ACTION ITEM ->
Set out the records below again exactly; skip the images.
• • • •
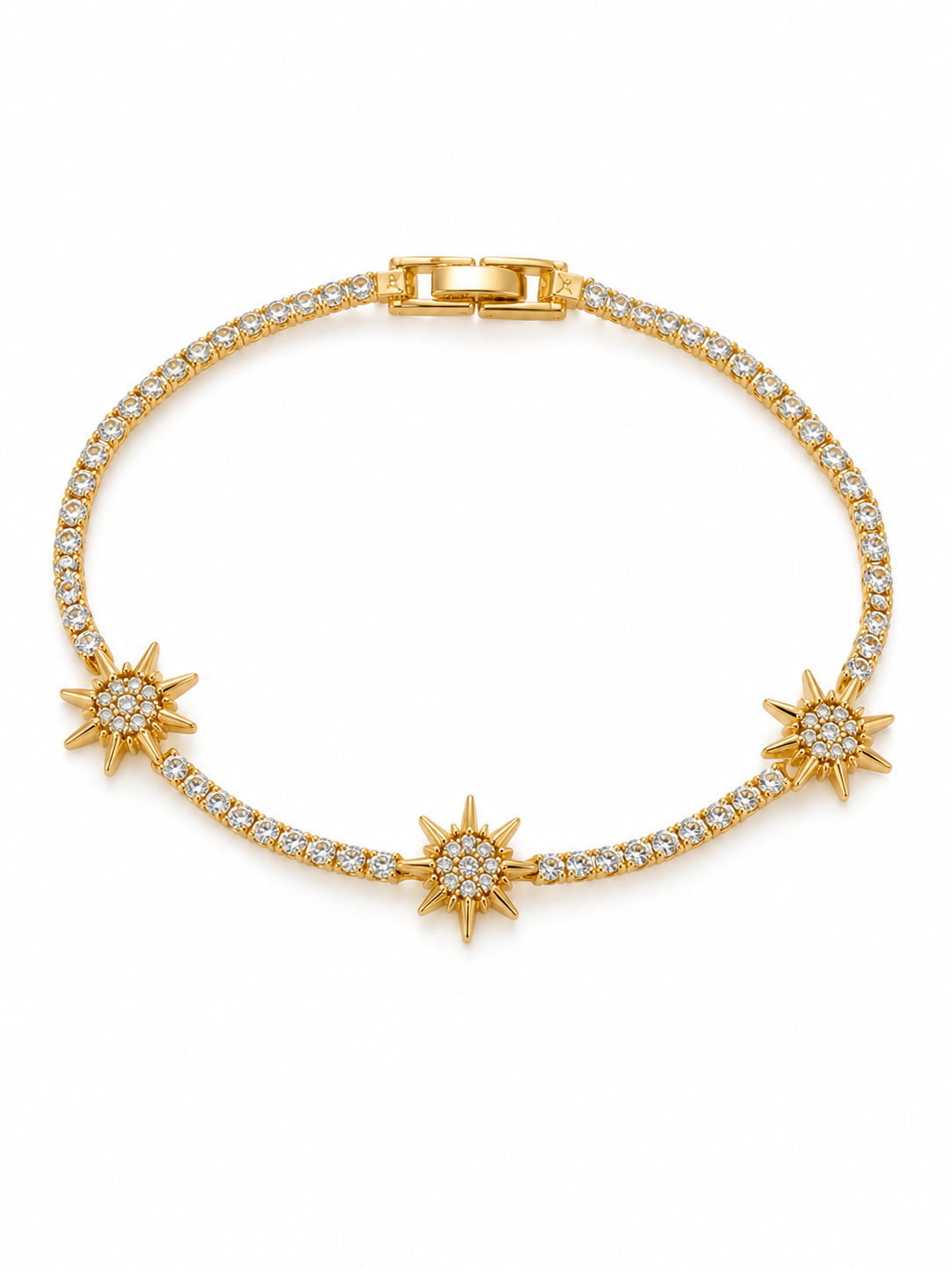 Starburst Oval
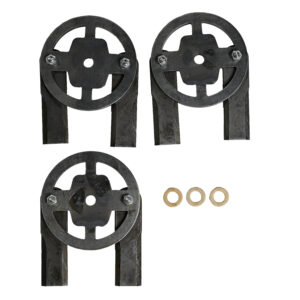 R-52 Hub & Blade Kit (Flat Swing)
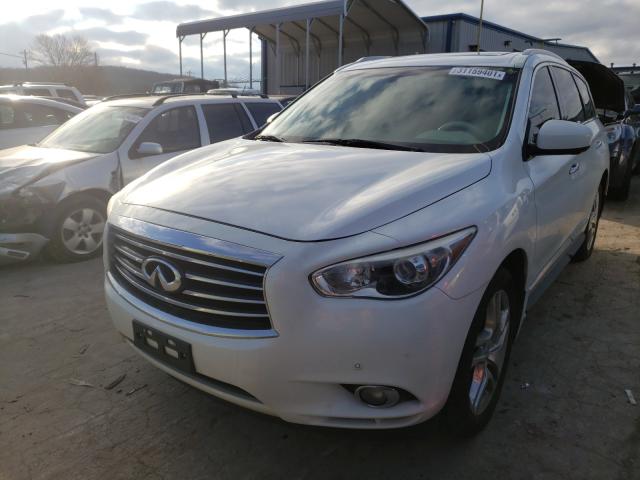 2013 INFINITI JX35 5N1AL0MM2DC351100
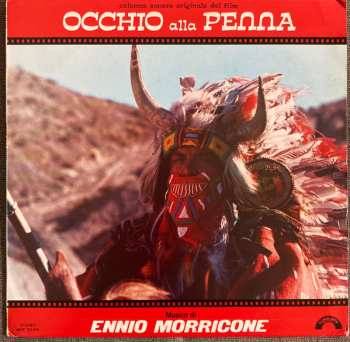 Album Ennio Morricone: Occhio Alla Penna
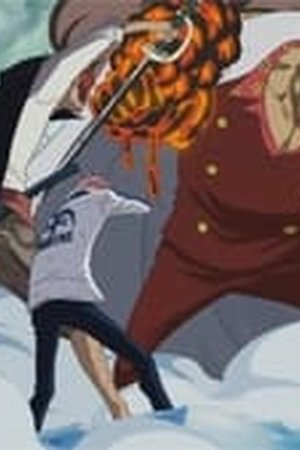 One Piece Season 13 Episode 488 - Poster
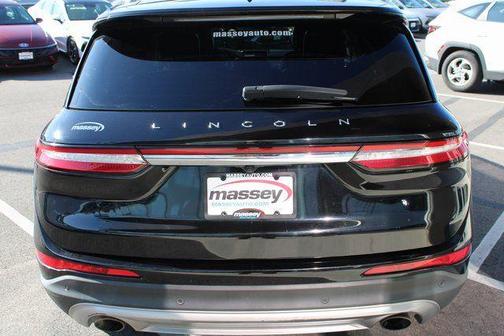 2020 Lincoln Corsair Reserve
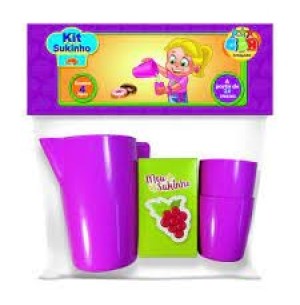 KIT GIGI SUKINHO 4PÇS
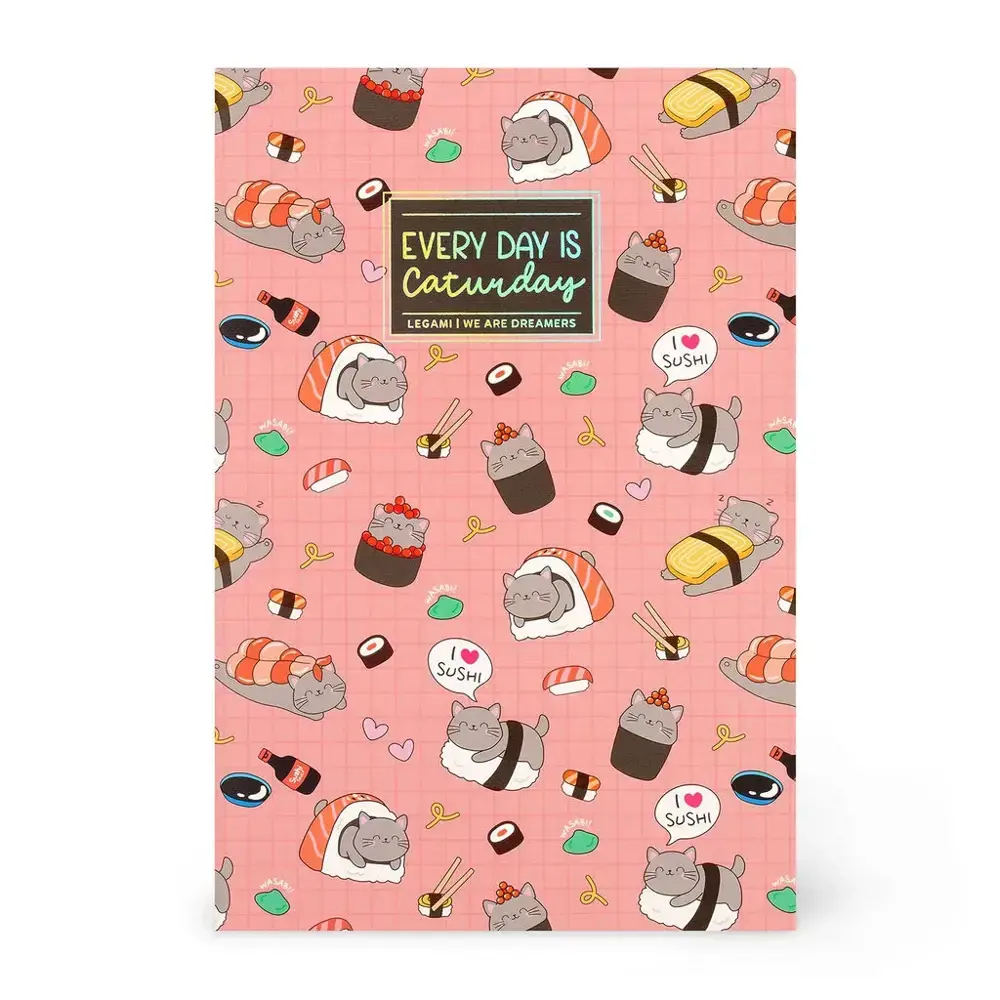 Legami Quaderno Lined Notebook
• • • •
FINISHED TASK ->
 Starburst Oval
 R-52 Hub & Blade Kit (Flat Swing)
 2013 INFINITI JX35 5N1AL0MM2DC351100
 Album Ennio Morricone: Occhio Alla Penna
 One Piece Season 13 Episode 488 - Poster
 2020 Lincoln Corsair Reserve
 KIT GIGI SUKINHO 4PÇS
 Legami Quaderno Lined Notebook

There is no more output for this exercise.